Cette année, le marigot est encore sorti de son lit, à cause de la vétusté des dalles qui l’ont contenu jusqu’ici. Elles se sont affaissées provoquant une déferlante qui n’a rien épargné sur son passage. Seule la partie supérieure des poteaux servant de camps de foot aux jeunes du quartier, semble résister à cette eau. L’année dernière au même moment, l’eau avait déjà disparu et le terrain de foot était praticable, témoignent des riverains. Mieux encore, El Hadji Malick Ndiaye et ses camarades écoliers confient que c’est au milieu du terrain qu’ils passent en temps normal pour se rendre à leur école. On est bien loin de cette époque.
Aujourd’hui, les élèves du quartier sont bien obligés de faire un grand tour, passant par le croisement de Keur Mbaye Fall où une foultitude de véhicules les exposent à plusieurs dangers. De retour de l’école, après des heures de labeur, ils doivent faire avec l’hostilité du milieu.

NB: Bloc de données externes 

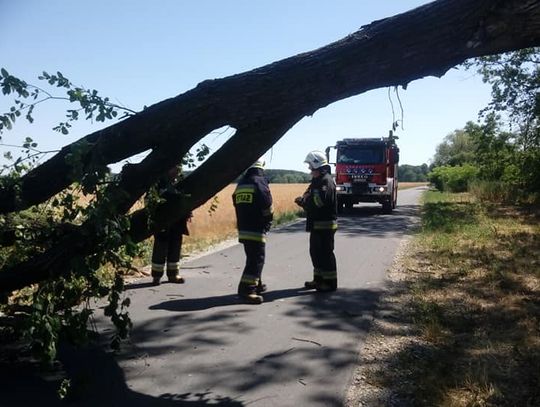 Przewrócony konar na drodze w powiecie oleśnickim
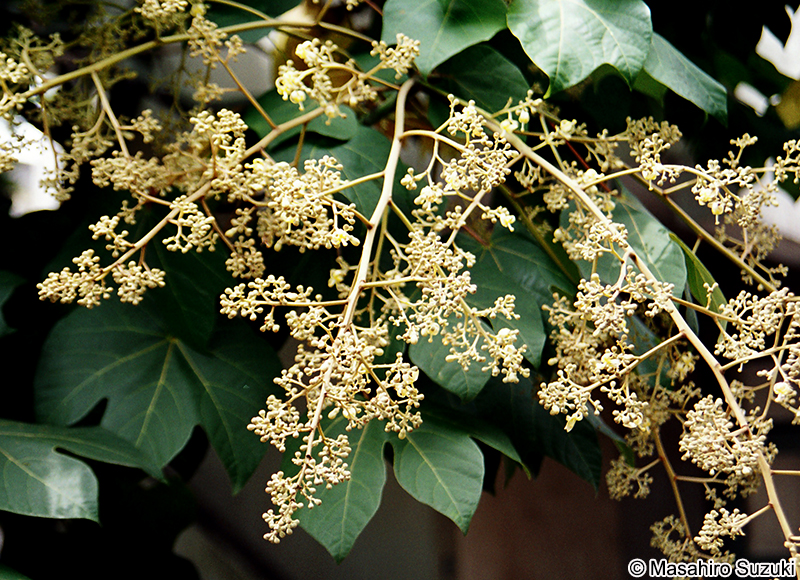 アオギリ Firmiana simplex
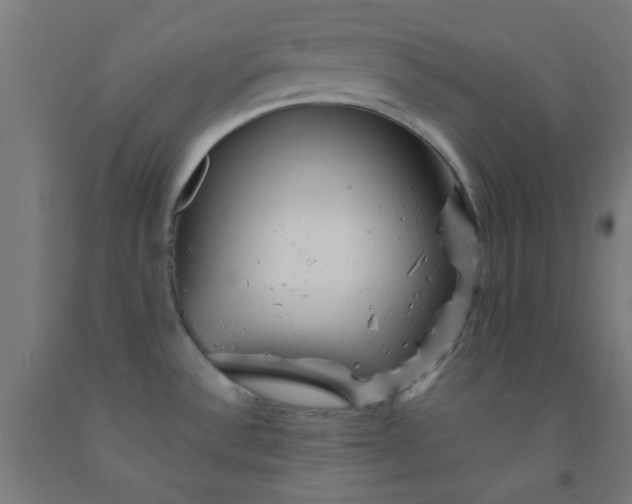 X0000092301532200709281316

Avec leurs familles, ces jeunes gens habitent des maisons qui jouxtent l’eau du marigot. ‘’Ce lieu empeste, les moustiques envahissent nos demeures et plus grave encore, à chaque appel du muezzin, on entend le cri bizarre d’un animal sous l’eau’’, rapporte Mme Dramé Zeynabou Ndao, le regard terrifié rien qu’en évoquant le sujet.
Sa maison borde le marigot et ses dangers. Elle raconte : ‘’Il y a quelques mois, un serpent a été tué devant chez moi, il venait du lac. Il est fréquent de voir ce genre de reptile dans les environs’’. C’est devenu un impératif, il faut agir et très vite, s’enflamme la dame Ngoné Ndiaye qui n’en peut plus de voir ses petits-fils souffrir du paludisme, à cause de la pléthore de moustiques encouragés par la présence du marigot. Elle demande avec insistance que l’eau du marigot soit déversée à la mer, sinon le prochain hivernage pourrait leur être fatal.

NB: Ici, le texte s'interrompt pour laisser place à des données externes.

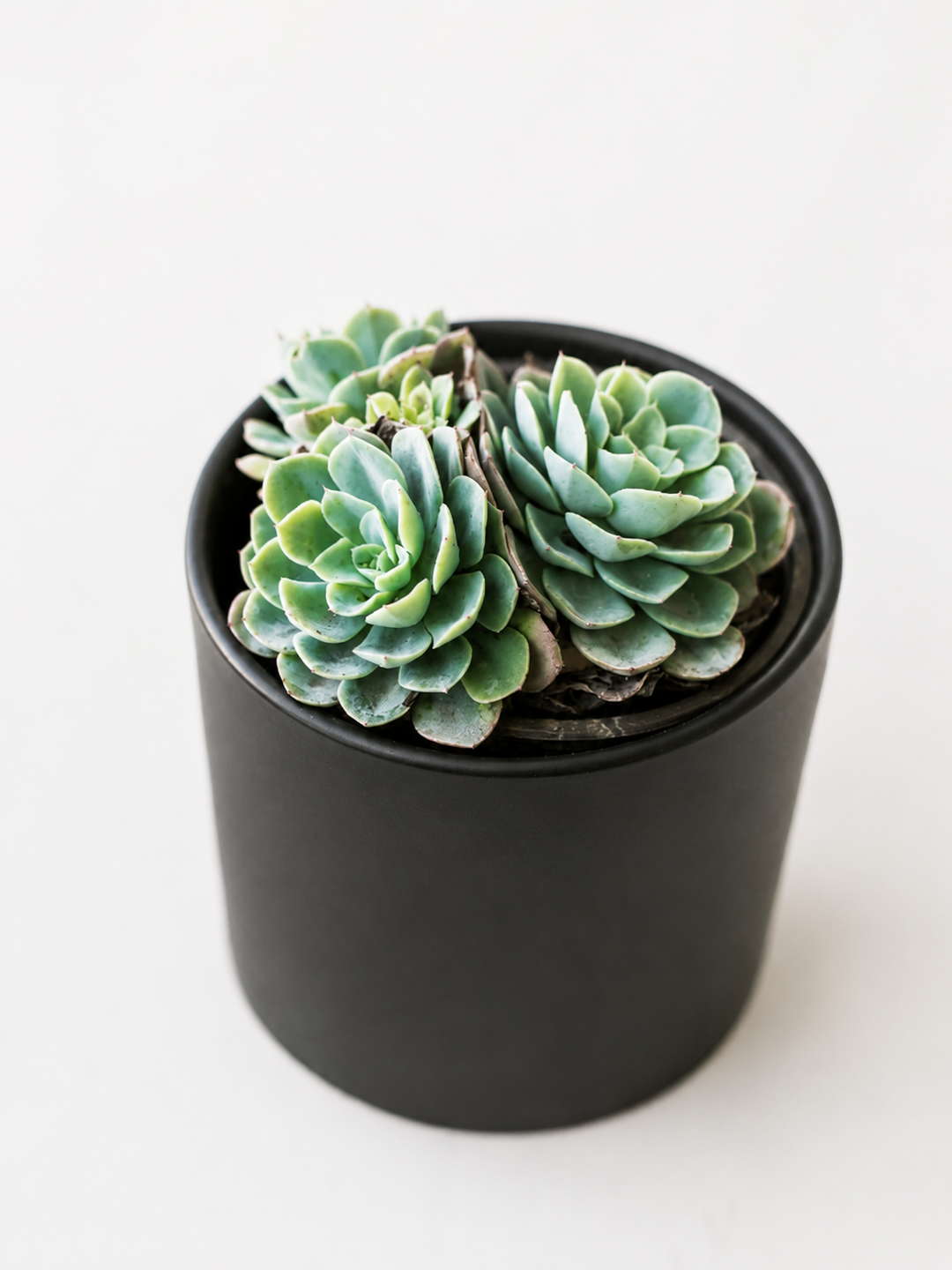 Echeveria Elegans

Il pleut sur Dakar et on déverse à Mbao
C’est un secret de polichinelle que les autorités sénégalaises ont la manie de transférer les problèmes plutôt que de les résoudre. Le marigot de Mbao se situe dans la zone des Niayes constituée d’une succession de dunes et de dépressions inter dunaires. Des dépressions qui englobent de nombreuses zones d’eau liées aux fluctuations de la nappe phréatique. Avec les inondations intervenues au Sénégal en 2005, tous les ingrédients d’un trop-plein d’eau étaient déjà réunis. En effet, c’est à partir de ces inondations que le marigot s’est vu transformer en un vaste exutoire d’eaux fluviales venues de presque partout, notamment de Rufisque, Zac-Mbao, Keur Massar, Keur Mbaye Fall et une bonne partie de Mbao.

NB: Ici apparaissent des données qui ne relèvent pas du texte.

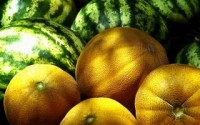 DFI Marketing recalls cantaloupes in US over Salmonella contamination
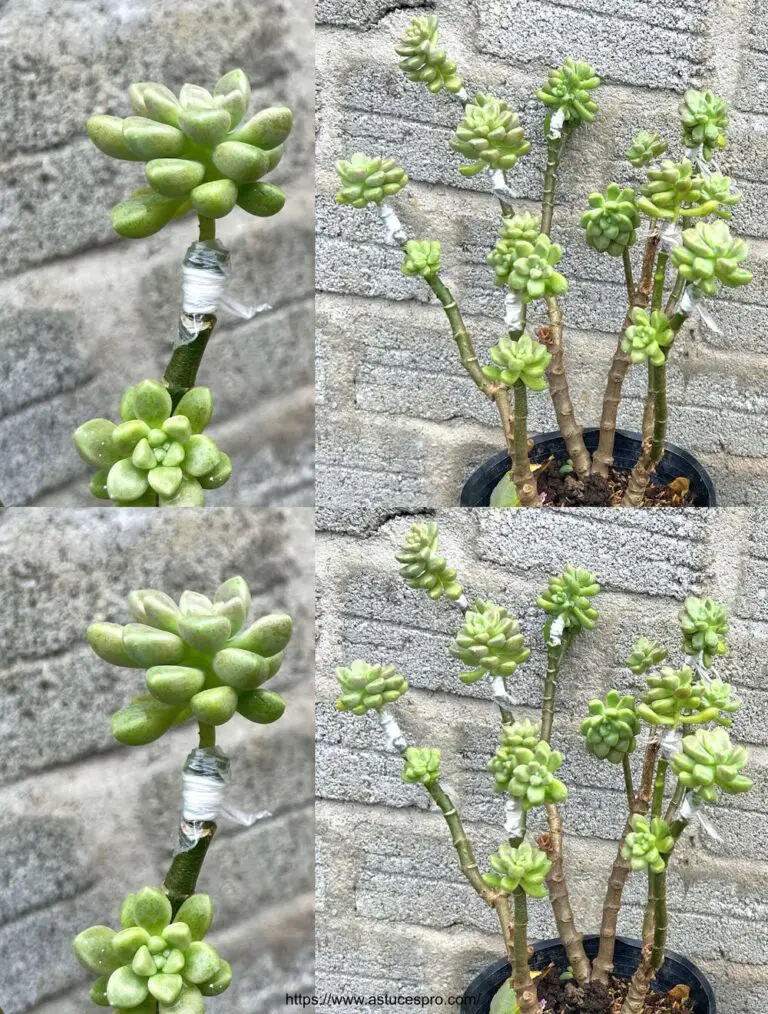 Kombinieren Sie Fettpflanzen mit der Schönheit von Kalanchoe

‘’Au début, c’était un bon exutoire qui allait directement à la mer. Le problème, c’est qu’actuellement, l’eau ne va plus à la mer, à cause de la résistance des peuples de pêcheurs’’, souligne un riverain. Les pêcheurs justifient leur refus d’ouvrir une brèche pour évacuer l’eau du marigot, par le fait que cette celle-ci est ‘’polluée’’ et les empêche de circuler librement sur leur plage qui s’en trouve ainsi scindée en deux parties. Des arguments qui relèvent de ‘’caprices’’, selon Ibrahima Sadio, un vieux pêcheur casamançais perdu au milieu des Lébous. Si cela ne tenait qu’à lui, la brèche allait être très vite ouverte pour, dit-il, permettre aux riverains du marigot de vivre en paix. La seule certitude, le prochain hivernage pourrait faire du marigot de Mbao une véritable bombe écologique si rien n’est fait.
LE MARIGOT DE MBAO : Quelques notes sur un milieu naturel agressé par les humains
Le marigot de Mbao, plan d'eau stagnante, est divisé en trois parties. La première est intercalée entre les quartiers de Medina et de Kamb. Puis, l’étendue d’eau traverse la forêt classée de Mbao et passe à proximité des quartiers de Keur Mbaye Fall, Keur Mbaye Fall Extension, Promocap, Diagnenar, Grand Mbao et Gokh.
C’est entre les quartiers Petit Mbao et Gokh-bi que se situe la seconde partie, la troisième étant dans la zone industrielle de Mbao. Autrefois, ces parties étaient reliées entre elles. ‘’Le lac est alimenté par les eaux de pluie qui ruissellent depuis Mboro, commune située à 40 km de Mbao’’, soulignent des études scientifiques. En période d'hivernage et de marée haute, le marigot subit des intrusions de l'océan. D’où le danger de verser ‘’n’importe comment’’ cette eau à la mer, informe le président de la commission environnement à la mairie de Mbao, Momar Pouye.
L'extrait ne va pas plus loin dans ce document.